▶ [Required action]:
Repeat the data exactly, with every line included.

▶ [Given records]:
*****

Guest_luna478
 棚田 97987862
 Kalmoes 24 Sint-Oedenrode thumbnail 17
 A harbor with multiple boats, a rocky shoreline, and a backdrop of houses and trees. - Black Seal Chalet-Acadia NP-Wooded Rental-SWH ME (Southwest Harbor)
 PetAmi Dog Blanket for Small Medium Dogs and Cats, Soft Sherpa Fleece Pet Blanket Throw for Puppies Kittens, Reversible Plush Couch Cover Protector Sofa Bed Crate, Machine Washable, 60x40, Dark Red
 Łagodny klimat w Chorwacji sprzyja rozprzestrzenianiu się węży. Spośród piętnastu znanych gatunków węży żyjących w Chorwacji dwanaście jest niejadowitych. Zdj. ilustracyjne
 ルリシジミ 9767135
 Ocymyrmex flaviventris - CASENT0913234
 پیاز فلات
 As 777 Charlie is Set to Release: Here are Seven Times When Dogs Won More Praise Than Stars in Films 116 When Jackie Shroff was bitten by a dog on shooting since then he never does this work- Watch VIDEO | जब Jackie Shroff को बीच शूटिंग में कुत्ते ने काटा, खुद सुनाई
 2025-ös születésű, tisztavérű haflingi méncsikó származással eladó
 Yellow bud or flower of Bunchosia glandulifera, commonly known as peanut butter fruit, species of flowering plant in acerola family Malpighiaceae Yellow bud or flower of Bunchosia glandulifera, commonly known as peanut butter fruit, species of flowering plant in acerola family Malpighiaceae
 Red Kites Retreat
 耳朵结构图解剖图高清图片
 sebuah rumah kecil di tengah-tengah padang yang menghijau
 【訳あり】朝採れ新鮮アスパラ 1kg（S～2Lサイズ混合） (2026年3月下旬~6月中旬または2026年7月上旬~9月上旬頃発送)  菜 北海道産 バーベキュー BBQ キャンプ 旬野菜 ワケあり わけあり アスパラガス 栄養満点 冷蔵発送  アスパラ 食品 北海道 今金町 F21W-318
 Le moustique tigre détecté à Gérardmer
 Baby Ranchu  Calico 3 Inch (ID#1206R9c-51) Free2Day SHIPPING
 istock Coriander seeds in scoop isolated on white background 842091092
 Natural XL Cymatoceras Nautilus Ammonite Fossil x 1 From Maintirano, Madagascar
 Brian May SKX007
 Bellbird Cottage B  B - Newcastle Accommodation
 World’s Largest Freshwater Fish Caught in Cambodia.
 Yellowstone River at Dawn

*****

▶ [Exercise result]:
Guest_luna478
 棚田 97987862
 Kalmoes 24 Sint-Oedenrode thumbnail 17
 A harbor with multiple boats, a rocky shoreline, and a backdrop of houses and trees. - Black Seal Chalet-Acadia NP-Wooded Rental-SWH ME (Southwest Harbor)
 PetAmi Dog Blanket for Small Medium Dogs and Cats, Soft Sherpa Fleece Pet Blanket Throw for Puppies Kittens, Reversible Plush Couch Cover Protector Sofa Bed Crate, Machine Washable, 60x40, Dark Red
 Łagodny klimat w Chorwacji sprzyja rozprzestrzenianiu się węży. Spośród piętnastu znanych gatunków węży żyjących w Chorwacji dwanaście jest niejadowitych. Zdj. ilustracyjne
 ルリシジミ 9767135
 Ocymyrmex flaviventris - CASENT0913234
 پیاز فلات
 As 777 Charlie is Set to Release: Here are Seven Times When Dogs Won More Praise Than Stars in Films 116 When Jackie Shroff was bitten by a dog on shooting since then he never does this work- Watch VIDEO | जब Jackie Shroff को बीच शूटिंग में कुत्ते ने काटा, खुद सुनाई
 2025-ös születésű, tisztavérű haflingi méncsikó származással eladó
 Yellow bud or flower of Bunchosia glandulifera, commonly known as peanut butter fruit, species of flowering plant in acerola family Malpighiaceae Yellow bud or flower of Bunchosia glandulifera, commonly known as peanut butter fruit, species of flowering plant in acerola family Malpighiaceae
 Red Kites Retreat
 耳朵结构图解剖图高清图片
 sebuah rumah kecil di tengah-tengah padang yang menghijau
 【訳あり】朝採れ新鮮アスパラ 1kg（S～2Lサイズ混合） (2026年3月下旬~6月中旬または2026年7月上旬~9月上旬頃発送)  菜 北海道産 バーベキュー BBQ キャンプ 旬野菜 ワケあり わけあり アスパラガス 栄養満点 冷蔵発送  アスパラ 食品 北海道 今金町 F21W-318
 Le moustique tigre détecté à Gérardmer
 Baby Ranchu  Calico 3 Inch (ID#1206R9c-51) Free2Day SHIPPING
 istock Coriander seeds in scoop isolated on white background 842091092
 Natural XL Cymatoceras Nautilus Ammonite Fossil x 1 From Maintirano, Madagascar
 Brian May SKX007
 Bellbird Cottage B  B - Newcastle Accommodation
 World’s Largest Freshwater Fish Caught in Cambodia.
 Yellowstone River at Dawn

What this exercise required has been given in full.